### DATASET EXCERPTS
════════════════════
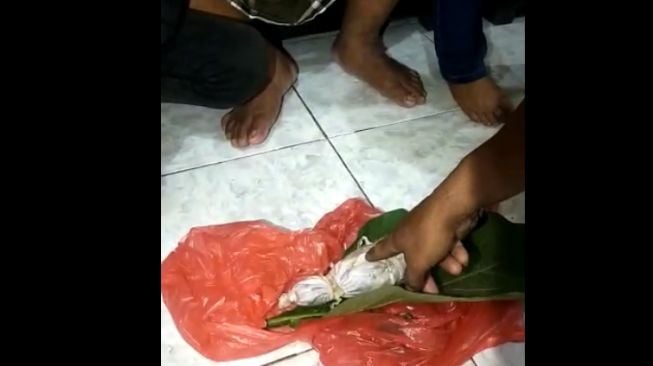 Bikin Merinding, Warga Temukan Pocong Mini dan Foto Wanita di Makam Keramat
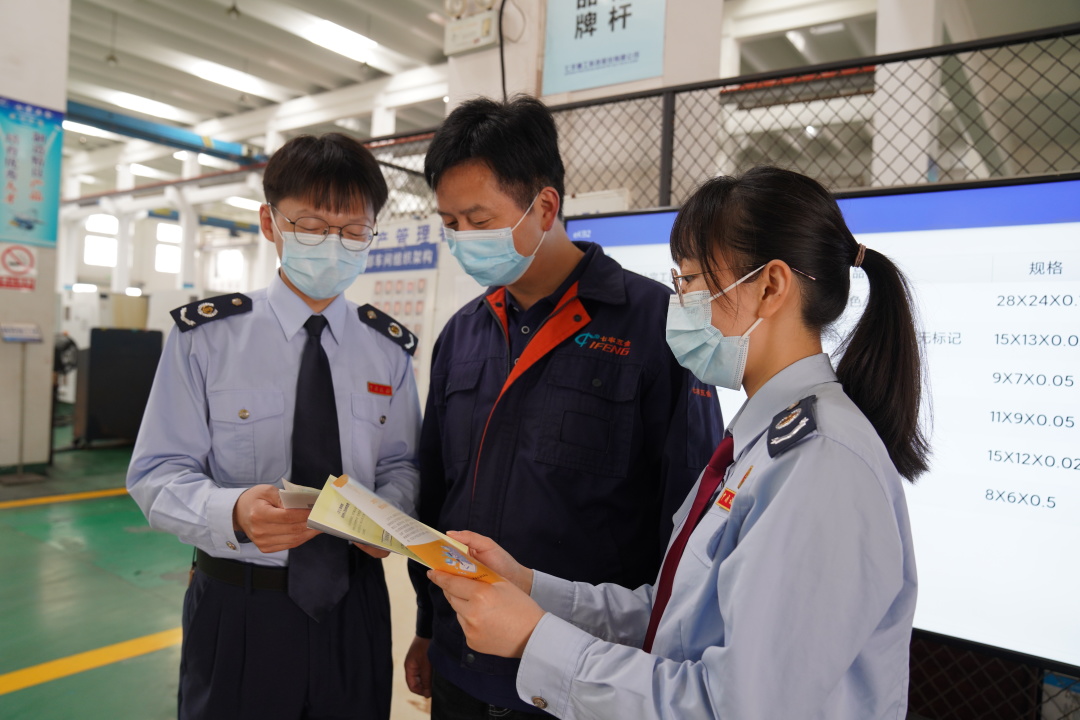 聚胶股份：董事拟减持公司不超0.85%股份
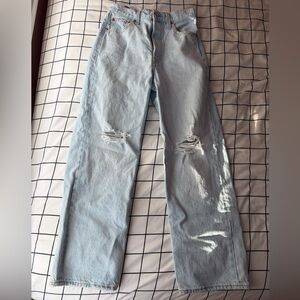 Woman’s Levi Jeans With Rips, Light Wash Size 25 High Rise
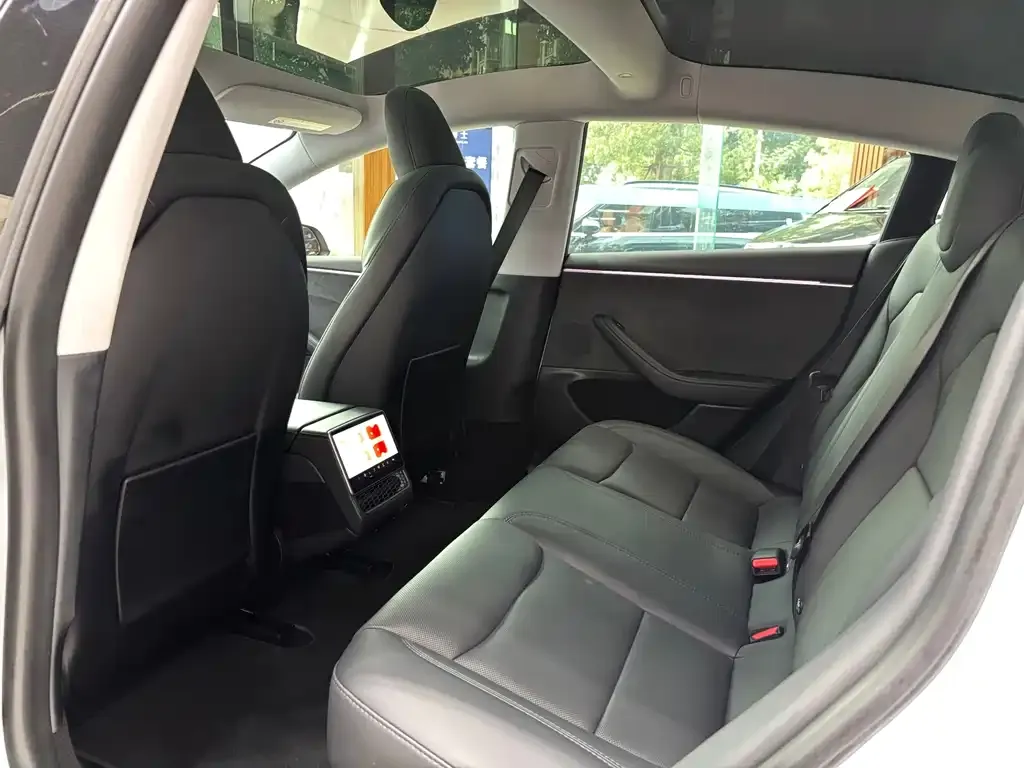 Tesla Model 3 — фото 6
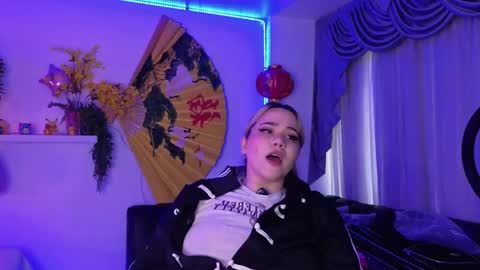 Snapshot of albaandthayron chatting on 04.25.26 albaandthayron online show from 04.25.26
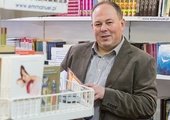właściciel hurtowni książek katolickich i wydawnictwa Emmanuel, mąż Teresy,  tata Jakuba, Marysi i Franka 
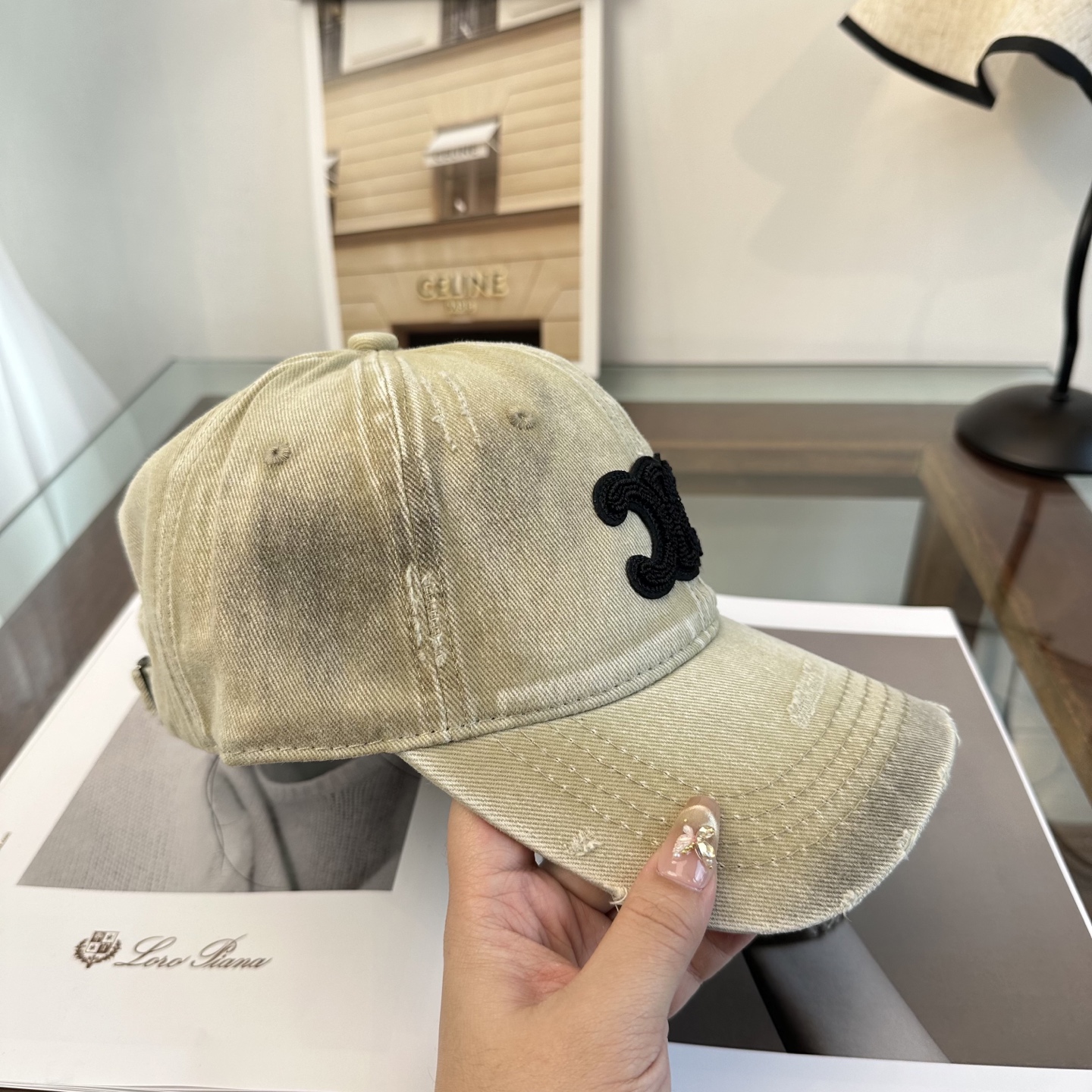 爆款CELINE（赛琳）简约明星同款最新棒球帽，时尚潮流，高端做工！每一个帽子都是用心之作！非一般的品质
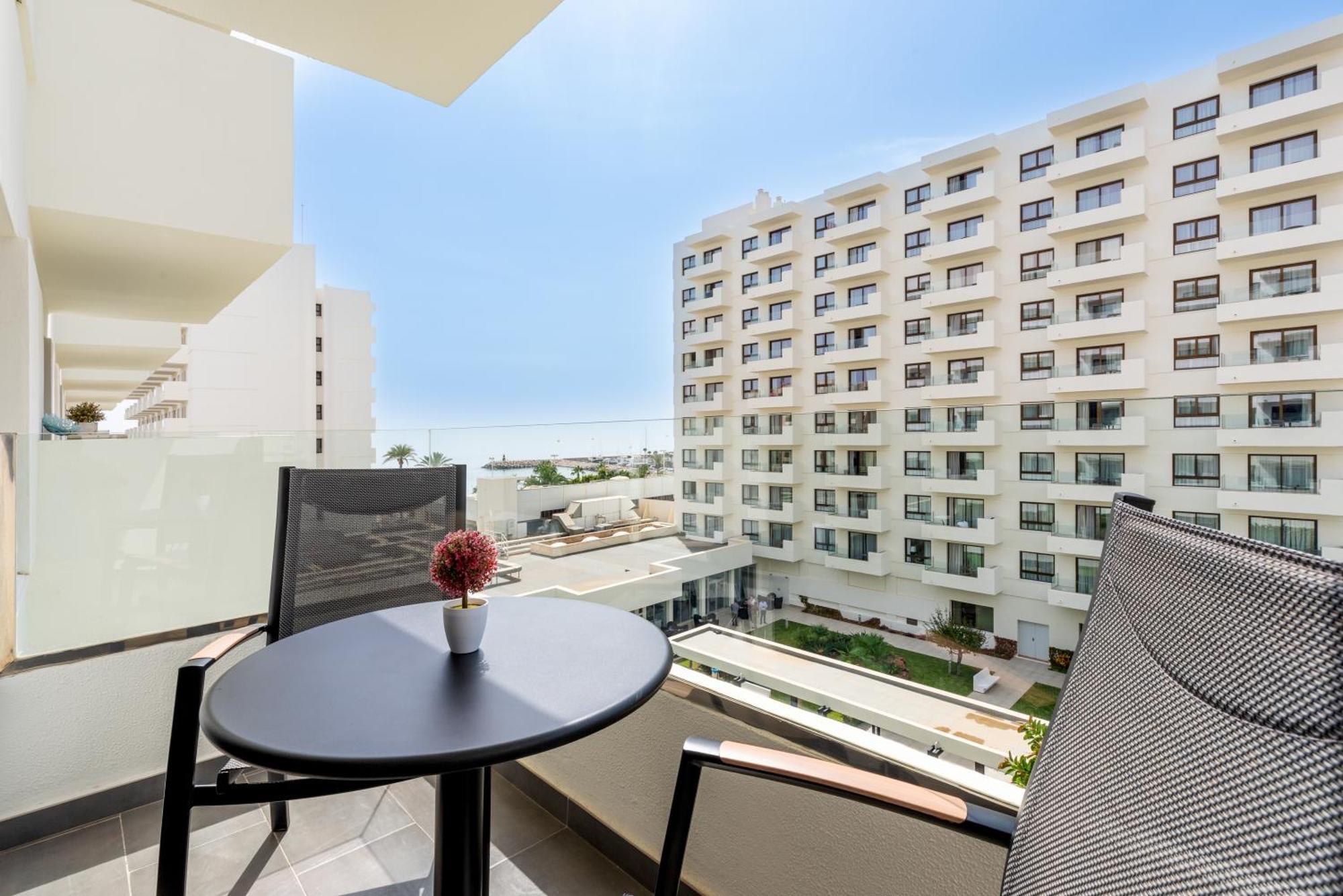 Wintowinrentals Executive Apt In Ocean House Complex Torremolinos Esterno foto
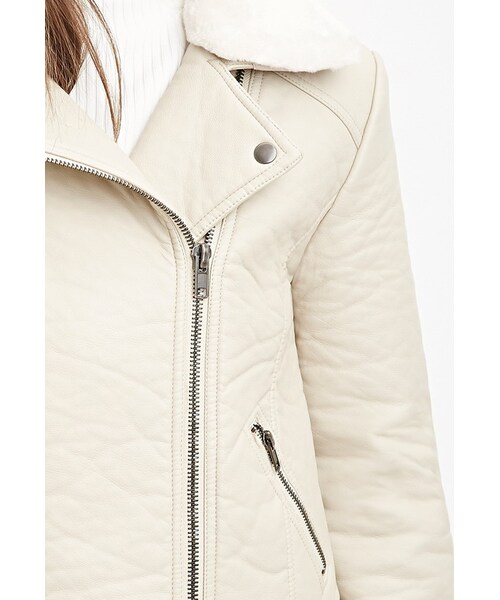 FOREVER 21（フォーエバー トゥエンティーワン）の「FOREVER 21 Faux Leather Moto Jacket（ライダースジャケット・レディース・Beige/Black・Small/Medium/Large）」の3枚目の写真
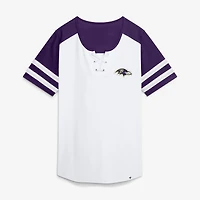 T-shirt à lacets Fanatics blanc/violet Baltimore Ravens Touchdown Pass Athena pour femme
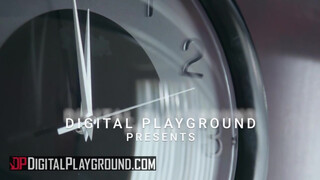 DigitalPlayground - Kira Noir a dögös félvér spiné
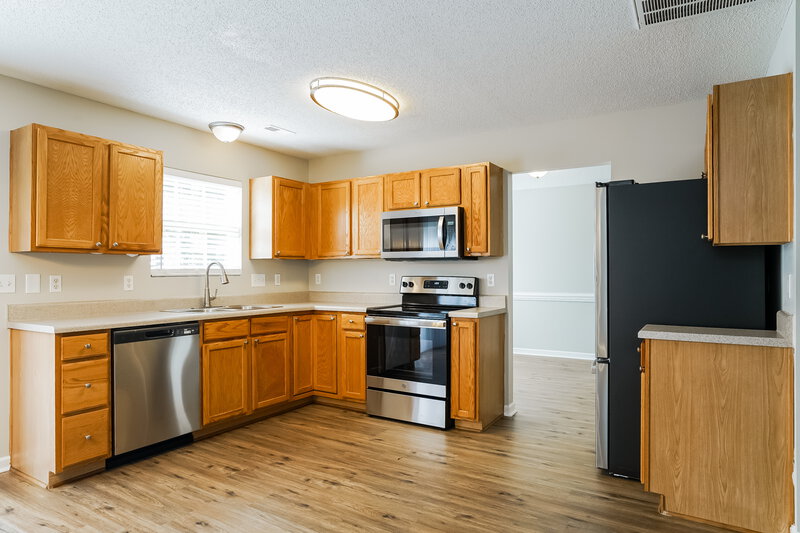 1,845/Mo, 409 Texanna Way Holly Springs, NC 27540 Kitchen View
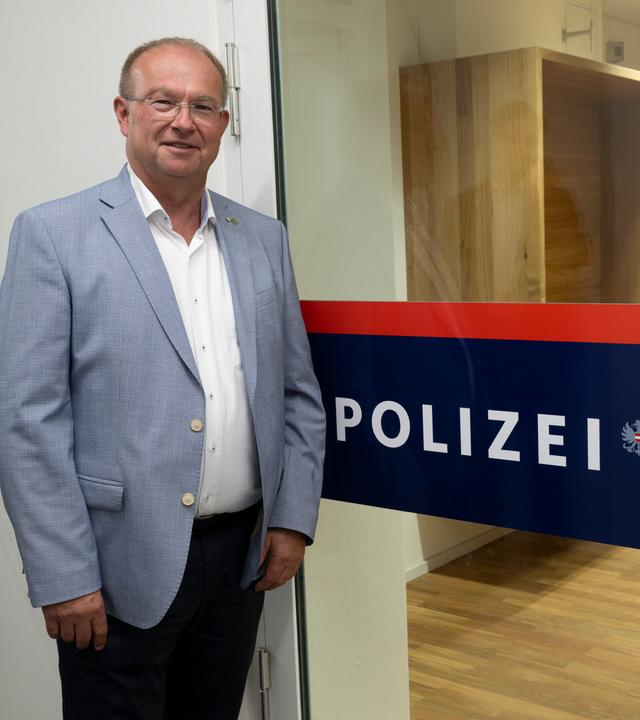 Johannes Waidbacher, Bürgermeister von Braunau am Inn, steht im Empfangsbereich des neuen Polizeizentrums, das im Hitler-Geburtshaus untergebracht ist.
════════════════════
### PROBLEM TO SOLVE
From the line that contains "Tesla Model 3 — фото 6" to the end of the material above, output every line exactly, both ends included, but leave out any pictures.

### ANSWER TO THIS PROBLEM
 Tesla Model 3 — фото 6
 Snapshot of albaandthayron chatting on 04.25.26 albaandthayron online show from 04.25.26
właściciel hurtowni książek katolickich i wydawnictwa Emmanuel, mąż Teresy,  tata Jakuba, Marysi i Franka 
 爆款CELINE（赛琳）简约明星同款最新棒球帽，时尚潮流，高端做工！每一个帽子都是用心之作！非一般的品质
 Wintowinrentals Executive Apt In Ocean House Complex Torremolinos Esterno foto
 FOREVER 21（フォーエバー トゥエンティーワン）の「FOREVER 21 Faux Leather Moto Jacket（ライダースジャケット・レディース・Beige/Black・Small/Medium/Large）」の3枚目の写真
 T-shirt à lacets Fanatics blanc/violet Baltimore Ravens Touchdown Pass Athena pour femme
 DigitalPlayground - Kira Noir a dögös félvér spiné
 1,845/Mo, 409 Texanna Way Holly Springs, NC 27540 Kitchen View
 Johannes Waidbacher, Bürgermeister von Braunau am Inn, steht im Empfangsbereich des neuen Polizeizentrums, das im Hitler-Geburtshaus untergebracht ist.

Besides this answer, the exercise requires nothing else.